*** Dataset excerpt ***
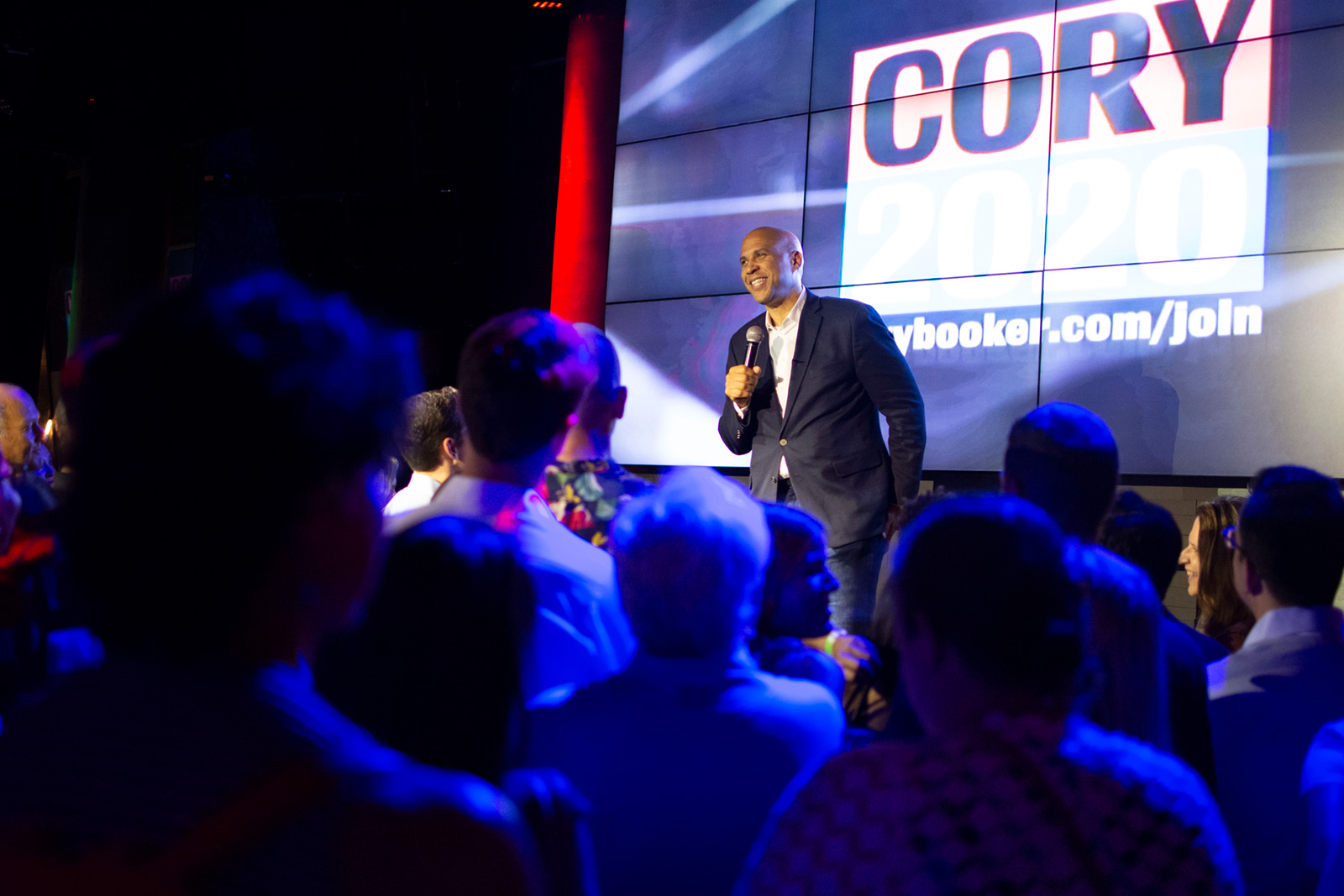 Stephen Cummings, Cory Booker in New York, 2019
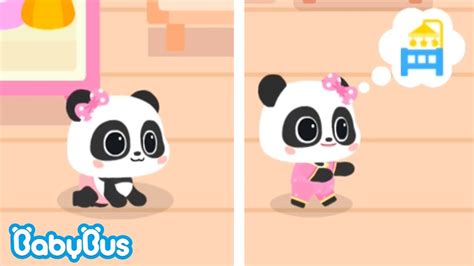 Merawat Bayi Panda Kecil Miu Miu Babybus Indonesia Youtube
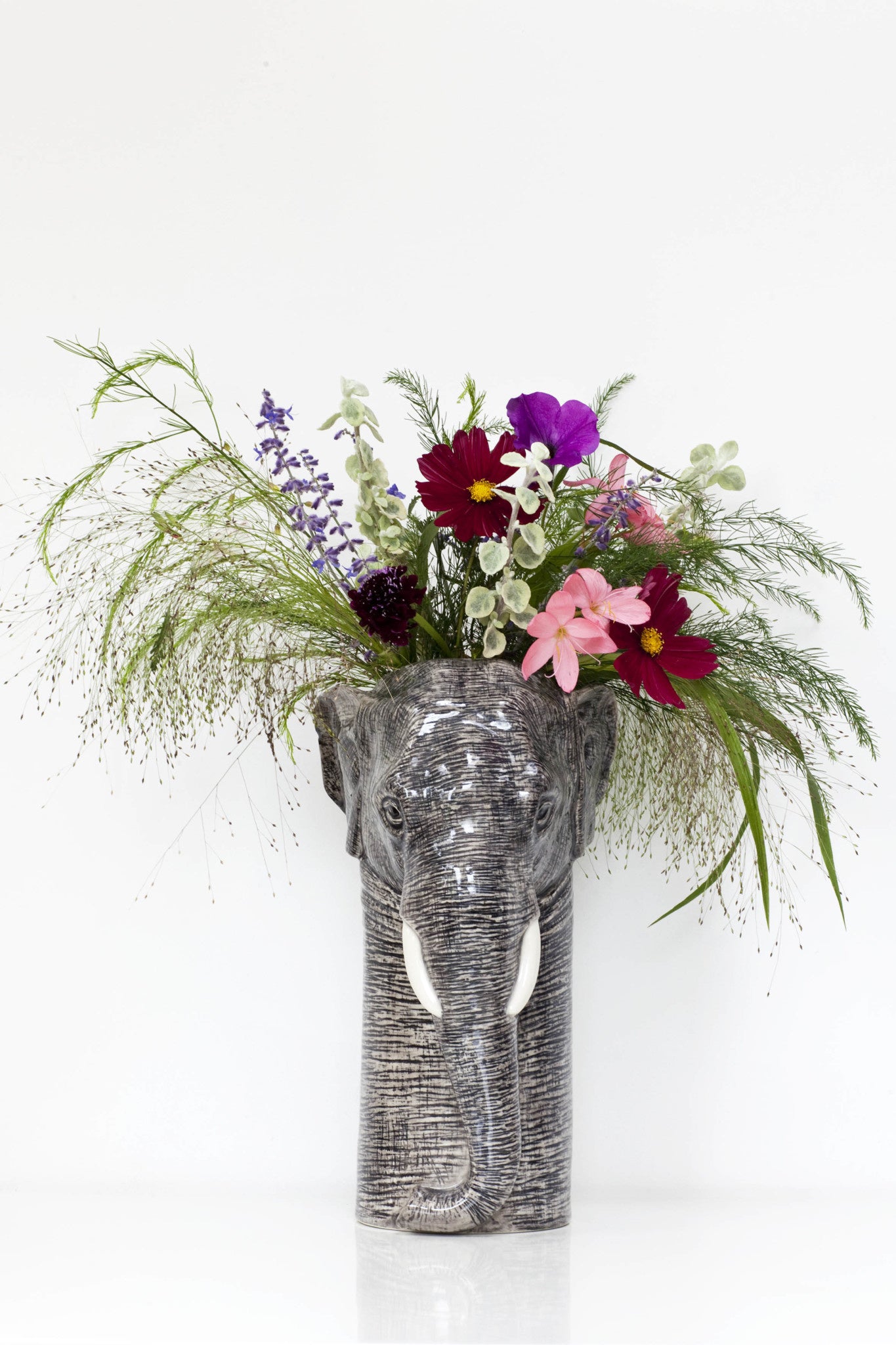 Elephant flower vase large 04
*** End of Dataset excerpt ***
_Task requirements:_
Output the material verbatim, skipping the images.

_Solution:_
 Stephen Cummings, Cory Booker in New York, 2019
 Merawat Bayi Panda Kecil Miu Miu Babybus Indonesia Youtube
 Elephant flower vase large 04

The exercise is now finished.